Exchange student Shung-yu Tsai left his family last August and made the long journey to The University. Without much knowledge of how life would be in Scranton besides some research he conducted on the internet, the 22-year old ventured from Taiwan to Northeast Pennsylvania.
“This is my dream,” Tsai said. “I decided in high school that this is what I wanted to do.”
Adjusting to college life is a struggle for most American students, but Tsai said he faced other obstacles.
“It was kind of frustrating, I would have to say. When I came here, I had no idea where to start. [Where to] buy my groceries or where to take the bus. But I did get some help from the International Office; what to expect and how to prepare for that,” Tsai said.
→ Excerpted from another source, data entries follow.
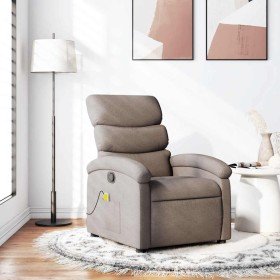 Sillón de masaje reclinable de tela gris taupé en Sillones | Comprar online en Foru.es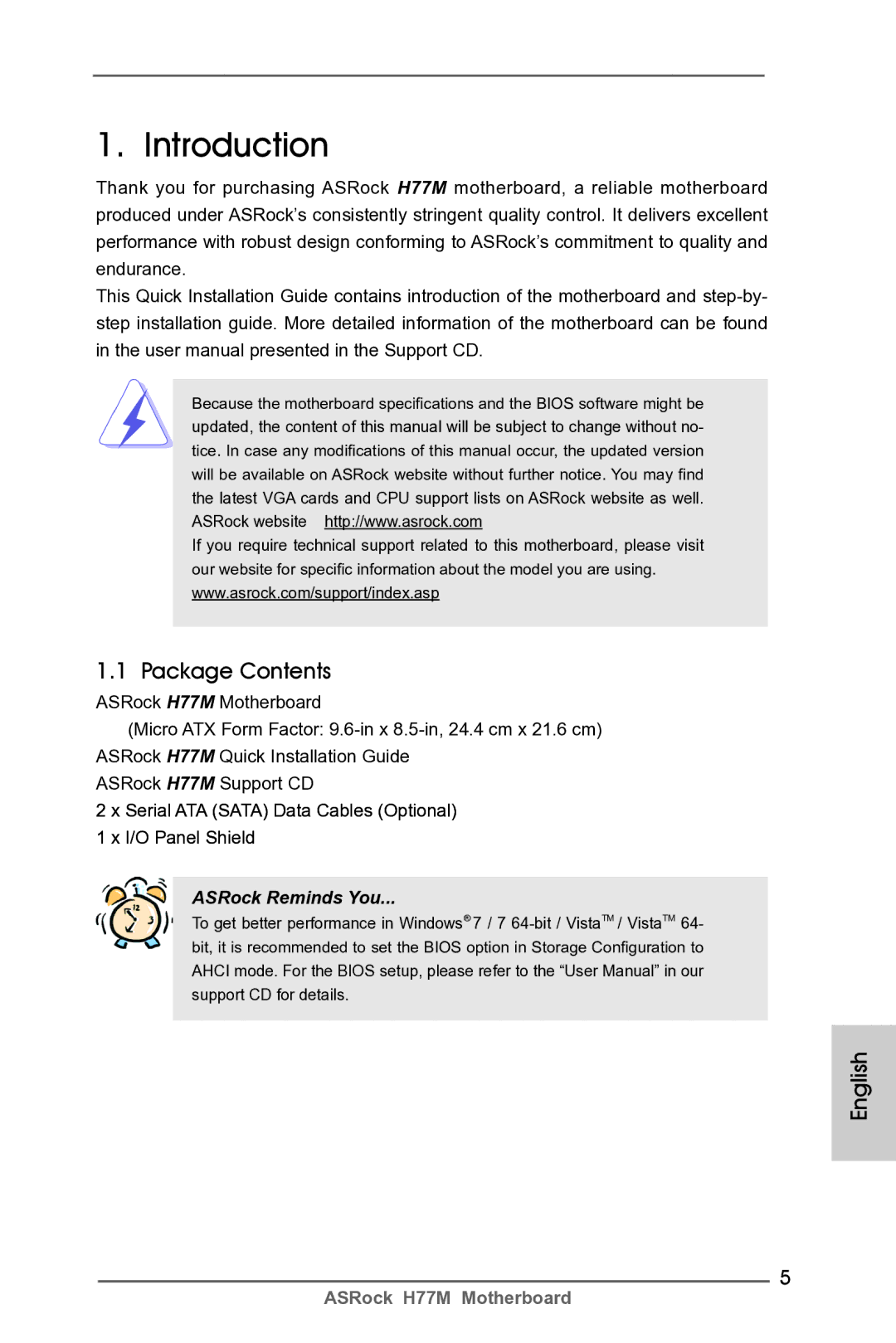 ASRock H77M manual Introduction, Package Contents 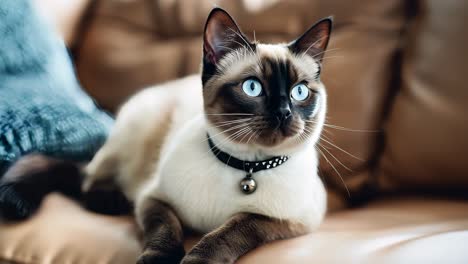 cute siamese cat with striking blue eyes and a black collar adorned with a bell, lying comfortably on a brown sofa draped with a soft blue blanket, gazing up with curiosity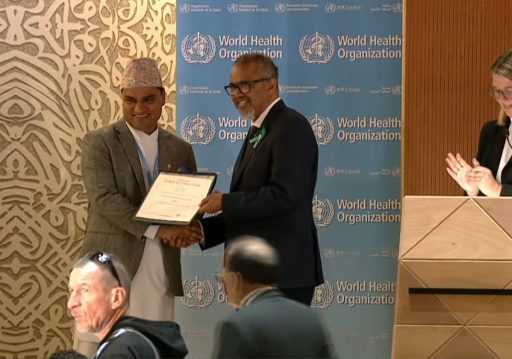 सुर्ती नियन्त्रणमा असाधारण योगदानका लागि भन्दै विश्व स्वास्थ्य संगठनद्वारा स्वास्थ्य मन्त्री पौडेल पुरस्कृत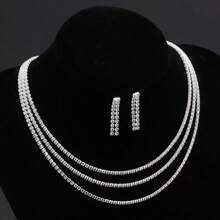 2pcs/Set Fashion Sparkling Crystal Rhinestone Necklace & Earrings Set, Bridal Jewelry For Wedding And Party - Silver - View 5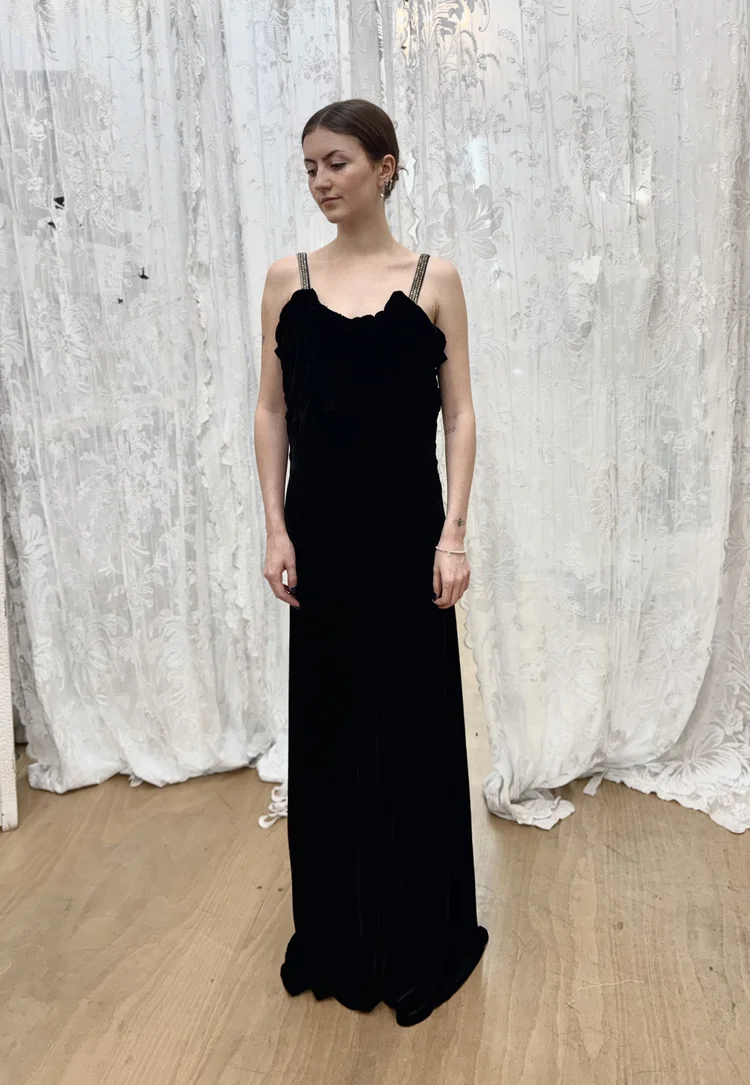 black 1930s dress Vintage 1930s Black Dress with Embroidered Pattern – Mintage Vintage main image 1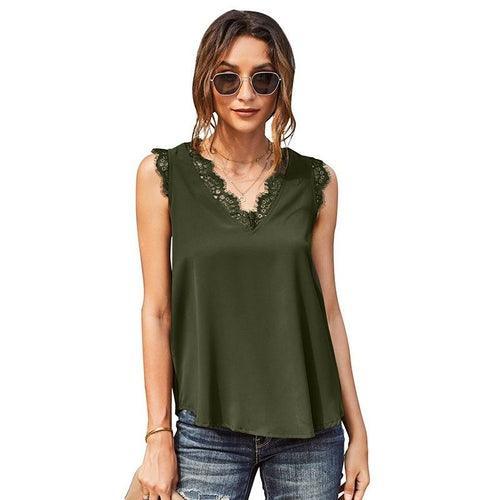 Women Summer Sexy Basic Lace Camisole Summer Knit Tank Top V Neck - VirtuousWares:Global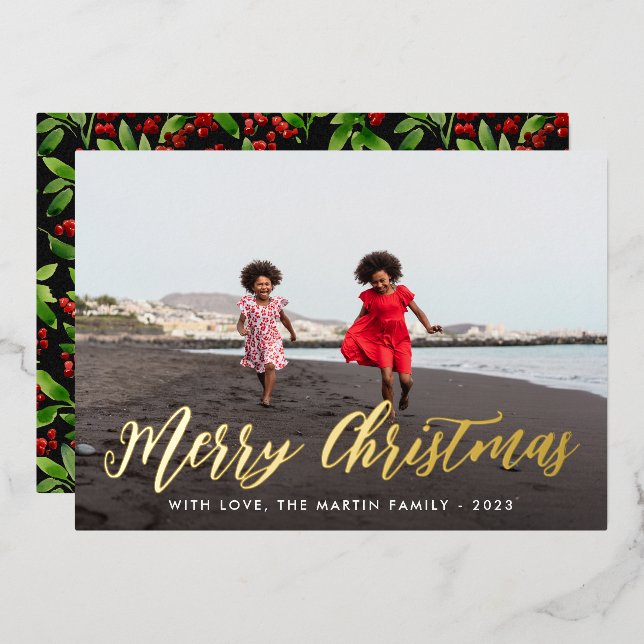 Merry Christmas Black Botanical One Photo Holiday  (Front/Back)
Tsai attended the National Chengchi University in Taipei, Taiwan before arriving in the U.S. The political science major said he wanted to experience taking a class with an American professor because he can express his thoughts without being judged.
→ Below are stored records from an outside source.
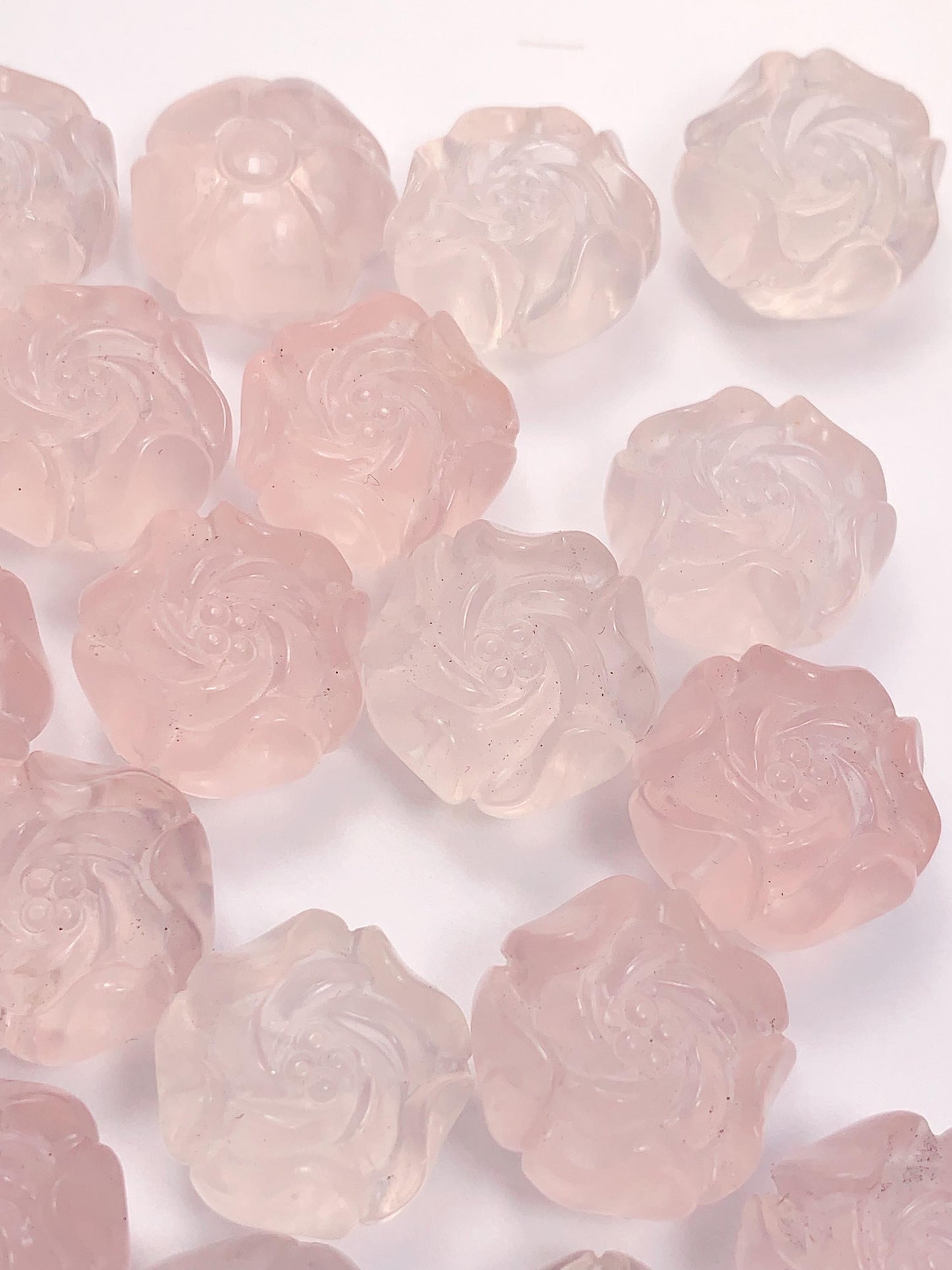 16mm Carved Flowers Rose Quartz Beads: AAA Grade Peony Flower Gemstone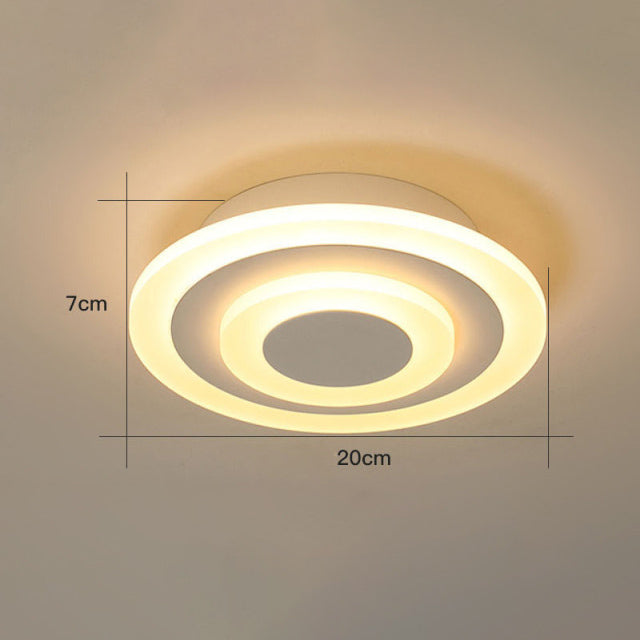 Design LED ceiling lamp in circular or square shape in Davis metal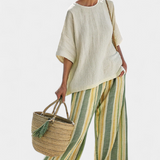 Monika | Sophisticated Top & Striped Linen Pants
“Back home it is more like a Chinese culture. When you express your opinions, people will be negative,” Tsai said. “Here it is more open to discuss anything, so in the courses I can discuss things that are controversial to my professor.”
The Taiwan native is making the most of his time at The University. He is a member of The University’s men’s volleyball club and takes advantage of the trips offered by the International Club. Tsai also said he was a member of The University’s United Colors Organization, which is where he made most of his friends.
“I got a sense of acceptance, so it was quite encouraging for me to actually have a place to feel that I belong to,” Tsai said.
Because Tsai is a political science major, he also wanted to experience working for a politician in the U.S. He currently works as an intern at the Scranton office for Congressman Matt Cartwright. Furthermore, Tsai spent his Intersession working in New York under the education division in the Taipei Economic and Cultural office.
Communicating with his family is also a challenge for Tsai. His parents are not too familiar with the Internet and he has to relay messages through his brother.
As Tsai completes his last semester at The University and returns to Taiwan, he wants to achieve two interesting goals.
“The first one is to make my English better and the other one is to become stronger physically, because my ex-girlfriend said I should eat more and gain more weight,” Tsai said.
Taiwan is an island located in Southeast Asia and is slightly smaller than Maryland and Delaware combined.